Algal mounds of the western Orogrande basin present an excellent opportunity for studying reservoir behavior because these mounds are superbly exposed and of reservoir scale. Upper Paleozoic algal bioherms form significant reservoirs both domestically and internationally but are difficult to exploit owing to characteristically pronounced facies and diagenetic heterogeneity. Establishing predictive relationships between petrophysical properties and stratigraphy is key to enhancing exploitation success in these systems. This article focuses on a well-exposed, reservoir-scale algal mound complex of the western Orogrande basin (New Mexico) to construct an outcrop-based reservoir model for this and analogous systems.

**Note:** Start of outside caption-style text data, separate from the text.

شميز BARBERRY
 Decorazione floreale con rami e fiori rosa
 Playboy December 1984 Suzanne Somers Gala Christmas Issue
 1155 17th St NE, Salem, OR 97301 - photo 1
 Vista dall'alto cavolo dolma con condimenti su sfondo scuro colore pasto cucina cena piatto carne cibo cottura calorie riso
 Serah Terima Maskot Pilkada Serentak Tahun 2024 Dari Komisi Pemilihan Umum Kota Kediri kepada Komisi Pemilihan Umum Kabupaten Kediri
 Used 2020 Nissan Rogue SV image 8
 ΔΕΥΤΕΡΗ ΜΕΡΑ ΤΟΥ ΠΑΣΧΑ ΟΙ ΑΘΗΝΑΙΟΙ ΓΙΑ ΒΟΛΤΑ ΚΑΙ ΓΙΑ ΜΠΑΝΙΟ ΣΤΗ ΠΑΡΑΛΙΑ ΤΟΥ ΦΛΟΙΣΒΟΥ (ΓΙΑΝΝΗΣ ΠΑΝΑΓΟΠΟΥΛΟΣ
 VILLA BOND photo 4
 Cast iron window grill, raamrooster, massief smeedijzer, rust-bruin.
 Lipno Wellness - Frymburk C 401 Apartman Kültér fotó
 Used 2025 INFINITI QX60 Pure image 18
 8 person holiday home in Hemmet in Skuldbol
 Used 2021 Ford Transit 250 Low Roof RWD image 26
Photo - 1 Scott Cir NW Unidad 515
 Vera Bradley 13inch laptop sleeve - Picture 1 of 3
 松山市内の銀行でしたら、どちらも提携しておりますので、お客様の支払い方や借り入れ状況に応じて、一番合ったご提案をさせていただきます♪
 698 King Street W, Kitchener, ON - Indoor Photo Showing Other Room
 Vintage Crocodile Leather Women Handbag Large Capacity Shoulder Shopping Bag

An accurate sequence stratigraphic framework is key for meaningful modeling but is difficult to establish in the subsurface. The studied mound consists of multiple high-frequency sequences with elevated porosity and dolomitization proximal to sequence boundaries, particularly in mound-flank positions. The porosity model indicates that the mound flanks may form a stratified reservoir, whereas the mound core is tight and, therefore, acts as a lateral seal. Early marine cement occluded primary porosity in outcrop mound-core facies.
Forward seismic modeling shows that the internal stratigraphic architecture of the mound complex is below conventional seismic resolution. Rock-physics measurements on 20 outcrop samples, however, demonstrate a relationship between dolomite content and the ratio of compressional-wave to shear-wave velocities at in-situ conditions. For a given dolomite percentage, seismic impedance decreases as porosity increases. Accordingly, surface seismic data could potentially be used to estimate gross reservoir properties.